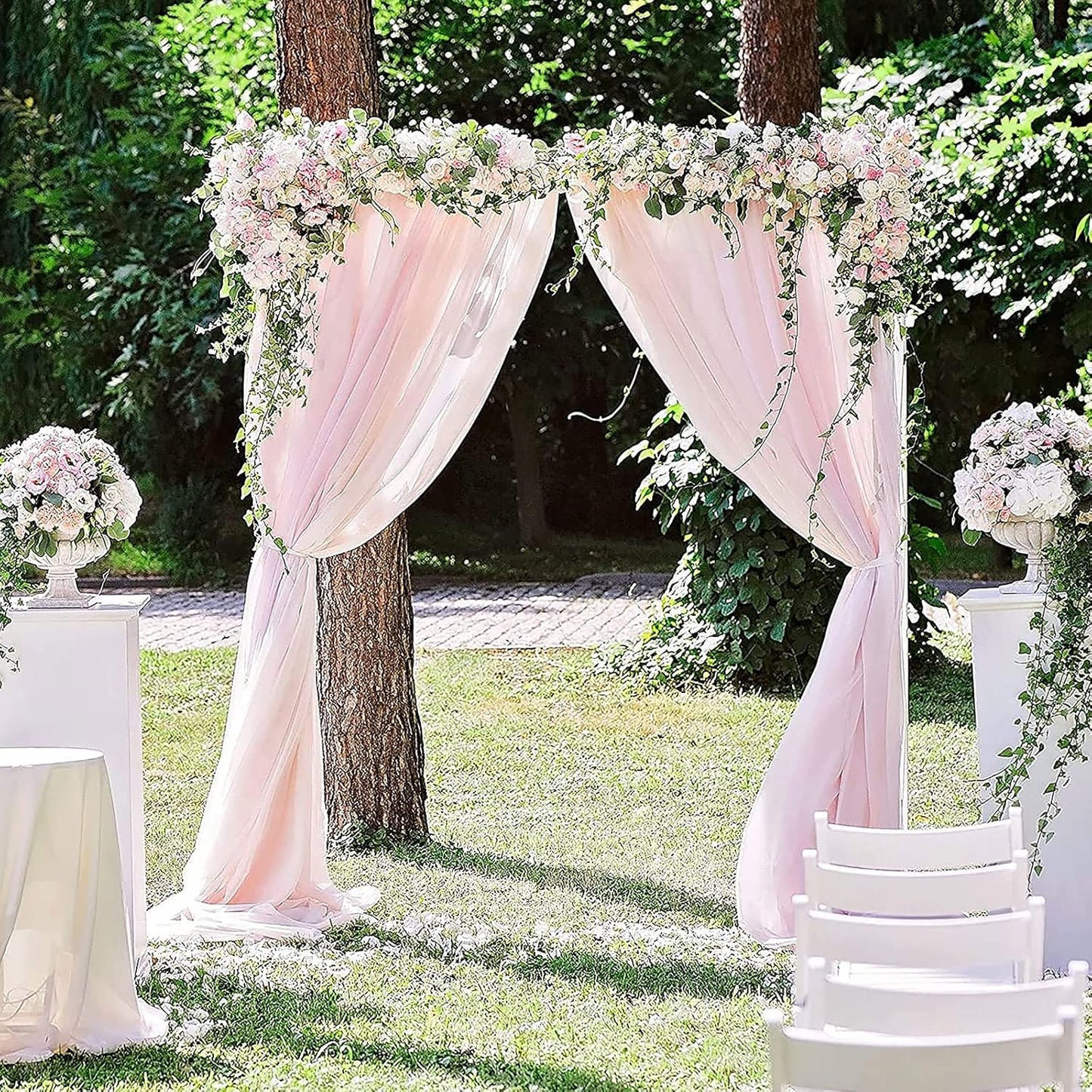 12 Pieces Round Floral Foam Wet Green Flower Foam DIY Flower Arrangement Kit for Aisle Wedding Party Decoration(6.5 x 6.5 x 1.57 Inches)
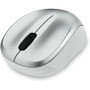 Verbatim Silent Wireless Blue LED Mouse - Silver - Blue LED/Optical - Wireless - Radio Frequency - Silver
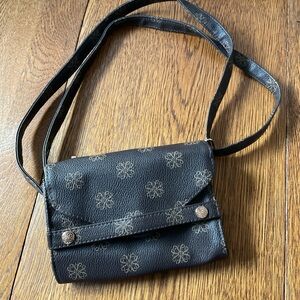 Sale 2 for $10 Avon Signature Collection Floral Brown Mini Crossbody Bag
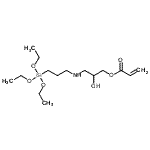 CAS#: 123198-57-2， 2-Hydroxy-3-{[3-(Triethoxysilyl)Propyl]Amino}Propyl Acrylate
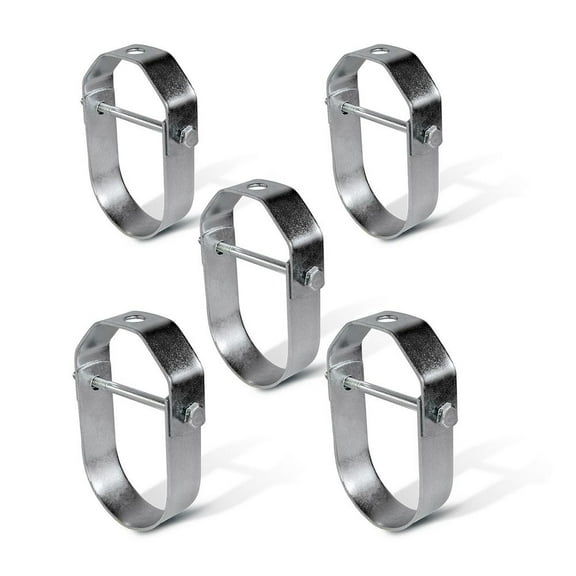 Highcraft 6 in. Clevis Hanger for Vertical Pipe Support Steel (5-Pk)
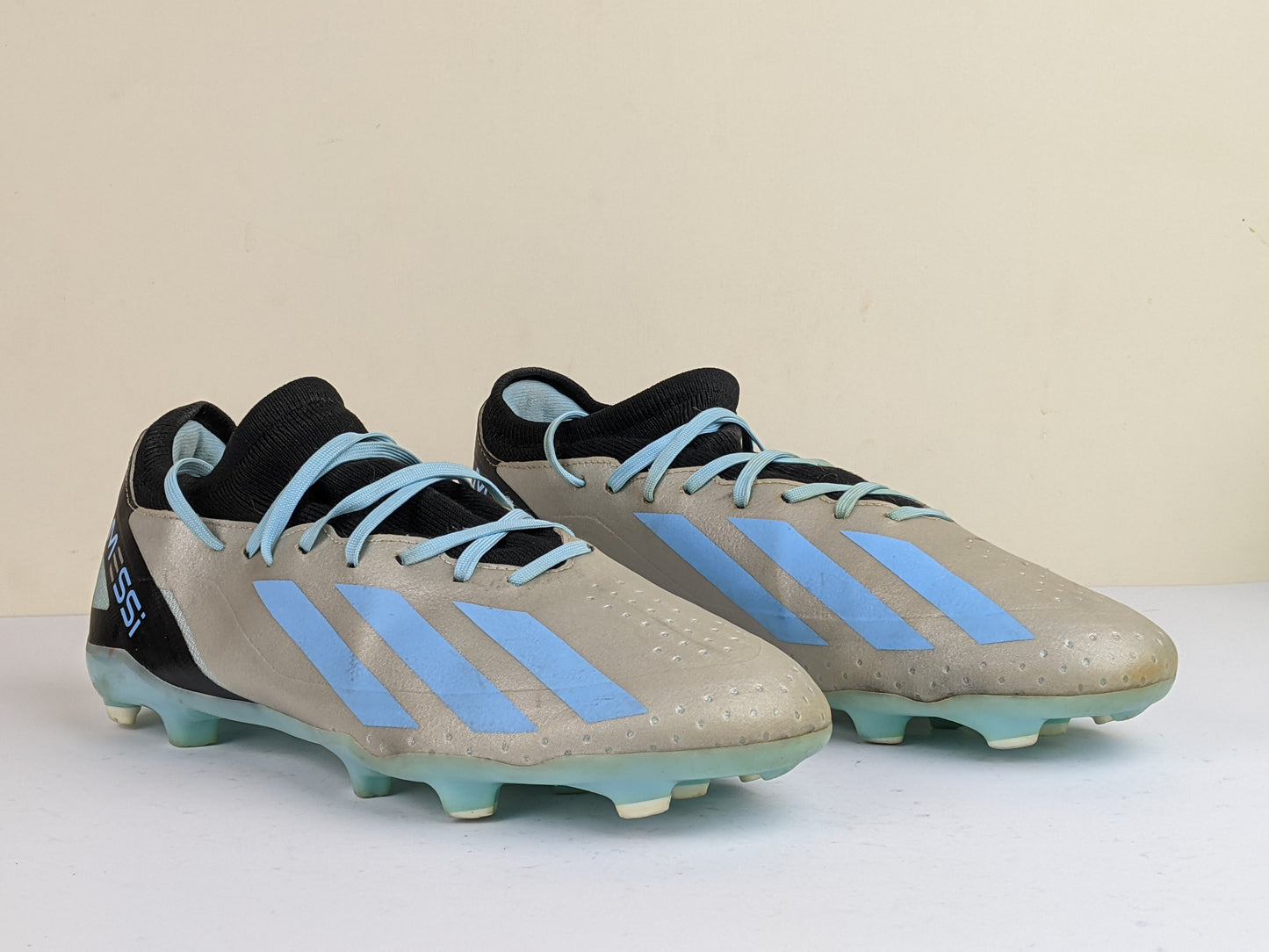 adidas X Crazyfast Messi .3 FG Infinito - Silver Metallic/Bliss Blue/Core Black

= EXERCISE GOAL =
Copy out exactly the lines from the one with "Highcraft 6 in." through the end of the listing, both ends included, omitting any picture.

= RESPONSE AREA =
 Highcraft 6 in. Clevis Hanger for Vertical Pipe Support Steel (5-Pk)
 adidas X Crazyfast Messi .3 FG Infinito - Silver Metallic/Bliss Blue/Core Black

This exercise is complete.